V2055. MARTINA ARROYO, w.Leonard Hokanson (Pf.): Songs by Rossini, Dvorák, Schubert & Brahms; 4 Spirituals. (Germany) Hänssler 93.719, Live Performance, Schwetzinger Festepiele, 1968. - 4010276025160
“Born in Harlem, the daughter of a Puerto Rican father and an African-American mother, Ms. Arroyo made her début in 1961 in a small role, the Celestial Voice in DON CARLO. During the 1961-62 season, she proved a trouper at the company by singing various supporting roles in Wagner’s RING cycle, including the Third Norn, Woglinde the Rhinemaiden and Ortlinde the Valkyrie.
After a three-year absence, her Met breakthrough came in February 1965, when she sang her first Aïda. That October in DON CARLO she stepped way up from the Celestial Voice to Elizabeth of Valois.
In all, she would sing some 200 performances at the Met. Today, Ms. Arroyo still contributes to opera by running the Martina Arroyo Foundation, which presents young singers in thoroughly prepared and staged productions of central repertory works. She remains an inspiring role model to emerging artists.”
THE NEW YORK TIMES, 16 February, 2016
"The great soprano Martina Arroyo enjoyed an unparalleled career on the international stages of opera houses that lasted from the 1960s to the 1980s. Coming from a mixed African-American and Puerto Rican background, she was one of the early singers in the opera world to cross the racial line. Her youthful, dramatic soprano made her an ideal Verdi and Puccini heroine but she could also draw upon the dark, lyrical qualities of her voice to beautifully interpret intimate songs. In this Schwetzingen Festival recital she was at the height of her vocal abilities."
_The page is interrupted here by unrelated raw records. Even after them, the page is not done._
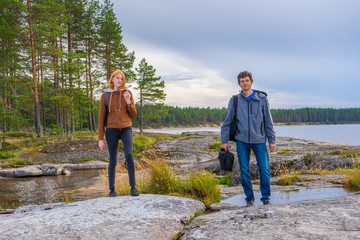 Middle aged man and young lady walking on northern lake shore in summer day. Tourists against...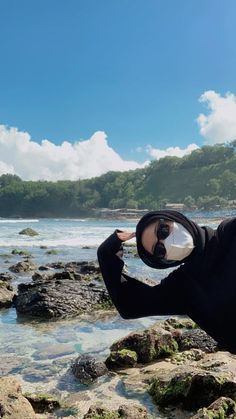 a man wearing a diving suit and goggles standing on rocks near the ocean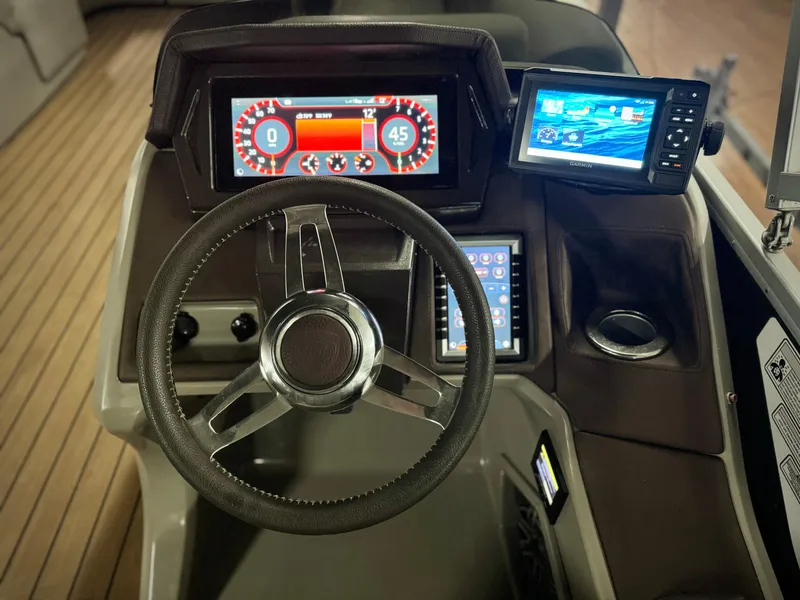 Slide: The Image of Steering console of 2019 Premier Accolade 310 with digital displays and controls. - 21
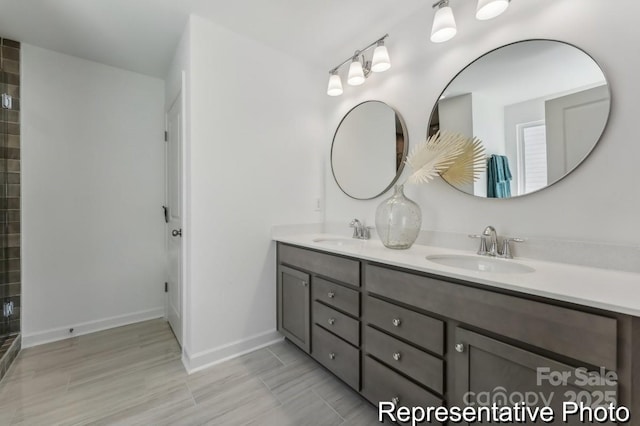 bathroom with vanity and a shower with door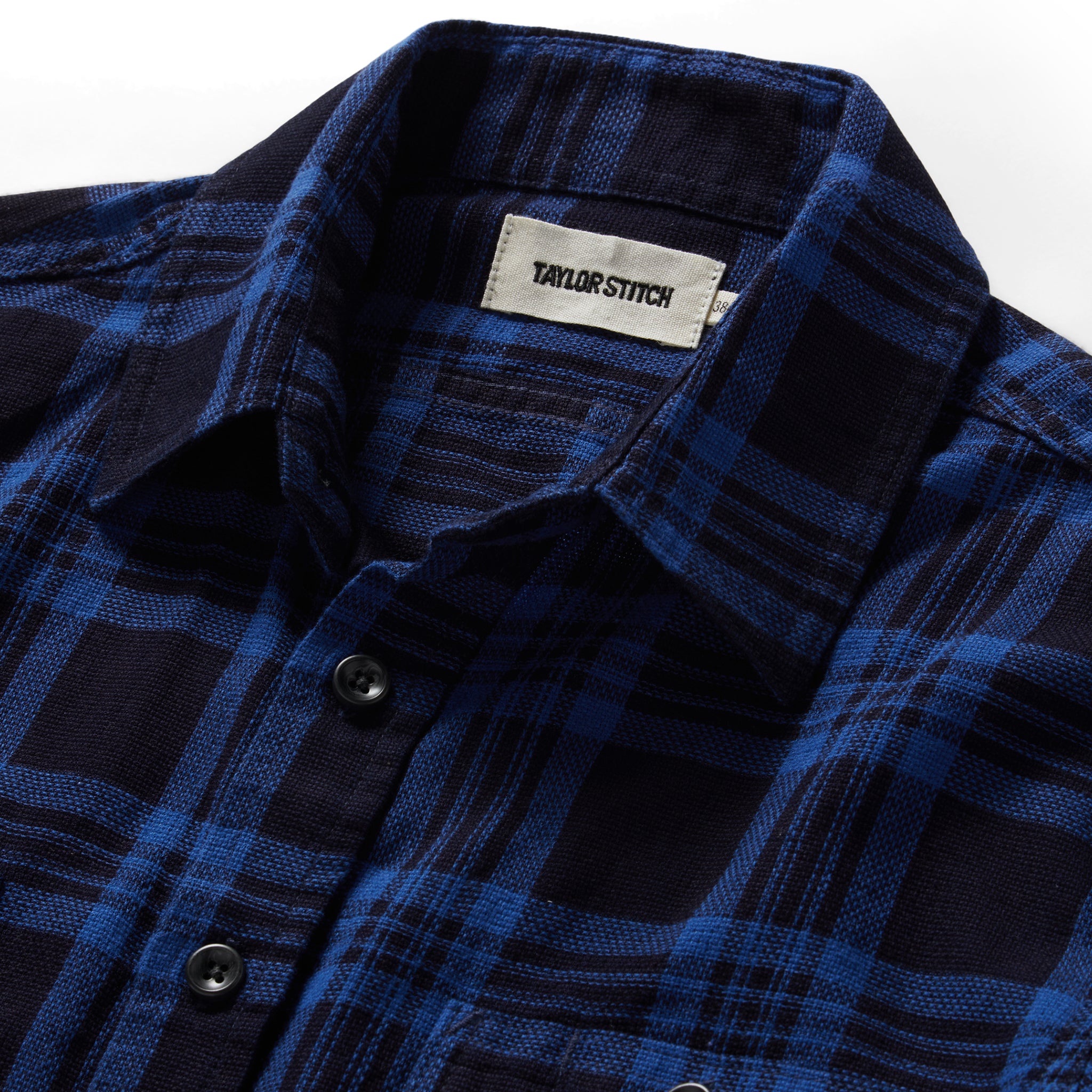 material shot of the collar on The Utility Shirt Rinsed Indigo Plaid, Wovens by Taylor Stitch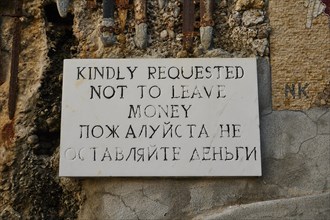 Rock Chapel, Archangel Michael Panormitits, A sign with the request not to leave money, in English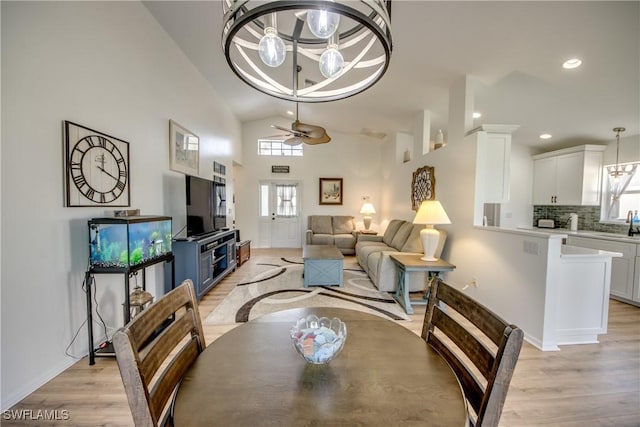 dining area with vaulted ceiling, light wood-type flooring, a ceiling fan, and recessed lighting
"One of the most enduring and memorable discoveries of my early opera-going years was this outstanding soprano, Martina Arroyo. Having heard her in recital, in concert and at the 'old' and the 'new' Met, in a great variety of repertoire, I can attest to her magnificence in any material she chose to sing, and that if it hadn't been for the Met's and Leontyne Price's iron grip on Aïda, Arroyo would have reigned universally supreme in this rôle. Price’s shimmering top, especially early in her career, was indeed unforgettable, but Arroyo had that as well, combined with a beautifully aligned voice and a true Verdi line. Whether it was in Verdi, Puccini, von Weber or Barber, she truly had the voice and style for it all!”